Pour bien des mélomanes, Cyprien Katsaris est une légende vivante du piano. Une légende qui a pratiquement commencé sa carrière dans la cour des célébrités, orchestres, dirigeants, partenaires de musique de chambre. Mais il préfère le récital, où il peut donner libre cours à sa liberté et aux libertés d’interprétation que les œuvres bien faites suscitent par leurs richesses et leurs multiples vérités. Il n’y a pas chez Cyprien Katsaris la vanité de l’interprète détenteur de la vérité ultime de l’œuvre, mais l’attitude plus sereine et populaire de l’explorateur des différentes interprétations possibles. C’est pourquoi il est particulièrement attiré par les transcriptions, comme les œuvres d’Alessandro Marcello ou d’Antonio Vivaldi, arrangées par Johann Sebastian Bach, ou les réductions pour le piano des symphonies de Ludwig van Beethoven, de Franz Liszt. Ces transcriptions sont aussi souvent prétexte à débordements virtuoses, ce que le pianiste explore également, y compris dans ses improvisations-variations, avec grande appétance malgré une apparence faussement débonnaire.
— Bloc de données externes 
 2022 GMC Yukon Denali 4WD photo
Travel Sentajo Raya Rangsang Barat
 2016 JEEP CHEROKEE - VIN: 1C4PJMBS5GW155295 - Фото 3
Il a d’ailleurs complètement intégré les effets de troisième et quatrième mains initiés par Sigismund Thalberg et Franz Liszt, on peut même se demander s’il n’arrive pas à faire des trucs entre les doigts, tant sa virtuosité est vertigineuse. Il n’est pas sans rappeler, Georges Cziffra, simplicité humaine comprise.
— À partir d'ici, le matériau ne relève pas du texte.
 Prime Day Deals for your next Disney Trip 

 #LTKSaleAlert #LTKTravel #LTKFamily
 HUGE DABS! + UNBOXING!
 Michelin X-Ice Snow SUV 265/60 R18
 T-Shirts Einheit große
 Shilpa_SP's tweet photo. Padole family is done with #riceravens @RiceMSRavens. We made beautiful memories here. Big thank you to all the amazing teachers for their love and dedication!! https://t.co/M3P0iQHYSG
Bach, Piano Works, Cyprien Katsaris, Fantaisie et fugue en do mineur, Toccata en ré majeur, Suite en mi majeur, Concertos (arrangements d'œuvres de Marcello, Torelli, Reincken...) etc. Piano 21, 2020 (P21 062-N).
Son programme, chronologique comme il aime le faire, était en apparence assez éclectique, mais on a compris que pour Cyprien Katsaris, l’interprète doit apporter quelque chose, doit avoir une vision personnelle des œuvres, qui au bout donne l’unité au récital.
Le prélude BWV 921 de Johann Sebastian Bach, la 48e sonate de Joseph Haydn, le 2e Klavierstück et la sérénade dans la transcription de Liszt, de Franz Schubert, de Liszt la Czardas obstiné, arrangée par le pianiste, quelques pièces de Chopin : valse opus 64 no 2, fantaisie-impromptu opus 66, polonaise « héroïque ».
La seconde partie était consacrée à Camille Saint-Saëns dont on commémorait le 16 décembre dernier le centenaire de la disparition, avec le Carnaval des animaux, dans une transcription pour piano de Lucien Garban, revue par le pianiste, et la projection de L’assassinat du duc de Guise, un film de 18 minutes réalisé par André Calmettes en 1908, dont la musique fut confiée à Camille Saint-Saëns, lequel avec ce 128e opus, a composé la première musique connue de film. Enfin accompagnant un film.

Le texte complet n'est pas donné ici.